Nicolas Joly leu logo a seguir um livro sobre agricultura biodinâmica e, a partir de 1981, sem aderir ao movimento, passou a aplicar os seus principais conceitos: respeitar os ritmos e ciclos da natureza e estimular o equilíbrio entre todos os elementos que fazem parte da propriedade (solo, plantas, animais, homem) sem recurso a adubos químicos, herbicidas e qualquer outro composto que não seja natural e não tenha origem na própria exploração. Parte da vinha de sete hectares (plantada inicialmente em 1130 por monges cistercienses) passou a ser trabalhada com um cavalo.
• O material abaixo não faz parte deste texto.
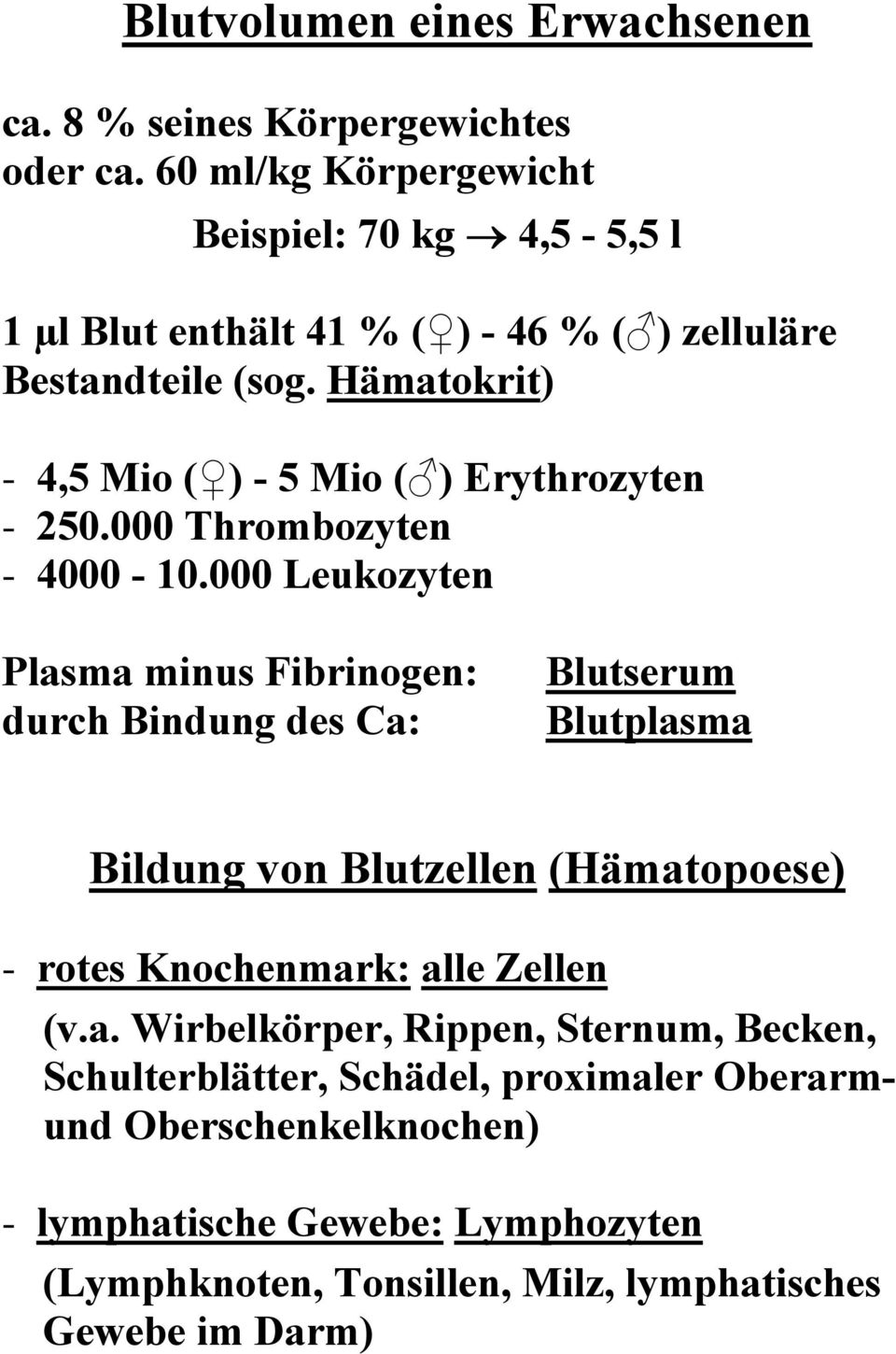 Hämatokrit) - 4,5 Mio ( ) - 5 Mio ( ) Erythrozyten - 250.000 Thrombozyten - 4000-10.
As mudanças estenderam-se também à adega.

Joly passou a usar apenas leveduras naturais e a intervir o mínimo possível na vinificação. Não faz controlo de temperatura e não chaptaliza (adição de açúcar). Recorre a batonnage (batimento das borras), filtra ligeiramente os vinhos e adiciona quantidades pequenas de sulfuroso apenas no momento do engarrafamento. Os vinhos estagiam menos de um ano em barricas maioritariamente usadas (mais recentemente, Joly começou a estagiar também os vinhos em ânforas de barro, como nos primórdios da vitivinicultura) e continuam a sua educação em garrafa. A variação de colheita para colheita pode ser grande — as condições climatéricas são determinantes. Os melhores vinhos, garante o produtor, nascem nos anos em que a floração dos cachos coincide com o solstício de Verão.

Não sabemos se 1997 foi um desses anos. Foi, isso sim, um ano quente, talvez até quente de mais, apesar de a casta Chenin Blanc precisar de calor para expressar todo o seu potencial. Por essa razão, na maioria das colheitas as uvas já são colhidas com alguma podridão nobre. Isso explica a cor de oxidação que os vinhos têm e também as nuances meladas e exóticas que se sentem no nariz e na boca.

Apesar de serem vinhos alcoólicos (o 1997 tem 14% de álcool), Nicolas Joly recomenda beber os seus vinhos a uma temperatura de 14 graus centígrados (a grande acidez natural da Chenin Blanc aguenta tudo) e assegura que eles vão melhorando nos dias seguintes até atingirem o pico ao sexto dia (depois da garrafa aberta). Não fizemos a experiência. Bebemos a única garrafa de 1997 em menos de uma hora, mas deu para perceber o carácter camaleónico do vinho e, acima de tudo, vibrar com a sua originalidade, o seu carácter. Nenhum dos quatro que o bebemos jamais esquecerá a experiência… pelo menos até provarmos outro Clos de la Coulée de Serrant. Segundo Joly, 1997 até nem é a sua melhor colheita. Os seus favoritos são o 1996 e o 1999. Um dia havemos de os provar, para tirarmos as dúvidas.